The finals are finished and all the grades are submitted. I’m closing the book on this chapter of my college experience and turning to pages of a summer full of hard work and even harder play.
My brain has been filled to the brim with books of knowledge, but there is one thing completely unrelated to history or literature that I am taking away from this semester.
I have learned to let go of my own life and surrender it to God.
For a long time, my relationship with God was recognizing his magnificence and wanting to walk a Christian life but not being willing to let go of control. I wanted to be in charge of my life because I knew there would be a lot of sacrifices and a lot of uncertainty involved in handing it over to God. But, when we don’t surrender our life to God we are surrendering it to chaos.
There was a day a couple of months ago that I was coming home from studying. I was getting out of my car to go up to my apartment. I had stopped by Walmart on my way back to buy toilet paper and a few other essentials. I live on the third floor of my apartment complex, so every time I have things to take inside it is a mission to carry everything at once so that I don’t have to make another trip. That day was no different. I grabbed my purse, my laptop and my tea. I looked at the toilet paper and other Walmart bags sitting in the back seat. I thought to myself, “I really shouldn’t try to carry this much stuff.” Just then a gust of wind blew chills all over my skin. Not wanting to make the trek back down the stairs and back up to the apartment in the cold I added the toilet paper and the Walmart bags. Looking like a juggling act gone wrong items began slipping from my hands. The tea was first to go, and in reaction, the toilet paper and Walmart bags dropped from the other hand, so that I could catch the tea. One moment I thought I had control of everything and the next, it was all slipping.
It thought that it would be easier to be stubborn and carry everything at once. I wouldn’t have to be in the cold as long, I wouldn’t have to climb the stairs again, it wouldn’t take as much time and I could crash onto my bed sooner. There were so many advantages to just trying to figure out how to juggle it all. But, that’s not what happened. I spilled tea all over myself and most of what I was carrying (thank goodness not on my laptop). I dropped most of what I was carrying, had to clean it all up and ended up making two trips regardless. What a metaphor for what my walk with God had been (or hadn’t been). I thought that carrying everything on my own and doing it my way was the best way to do it, but all along I should have been aligning myself with God’s plan. When I finally decided to lay my life down for Jesus, it was remarkable the changes that came over me and my life. Chaos became clarity, uncertainty became peace and tangled threads became a purpose. I could write a whole article alone glorifying God for the ways he has moved in my life and showed up since I put my faith in him (I will, soon).

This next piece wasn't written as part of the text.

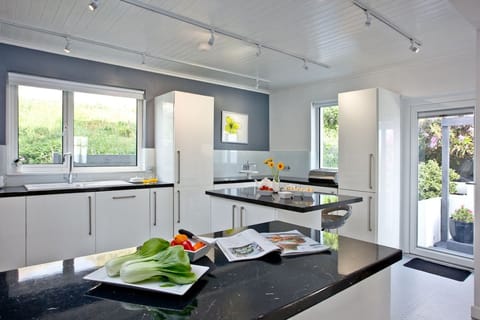 Cornish Breeze Apartment in England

I give myself two reminders daily:
“Most assuredly, I say to you, unless a grain of wheat falls into the ground and dies, it remains alone; but if it dies, it produces much grain.”
--John 12:24
“When God’s in it… it flows. When the flesh is in it…it’s forced. If He’s in it it’s remarkable how approval will be granted, how a growing interest will percolate, and how the timing will fall right into place. It will come together almost in spite of you.”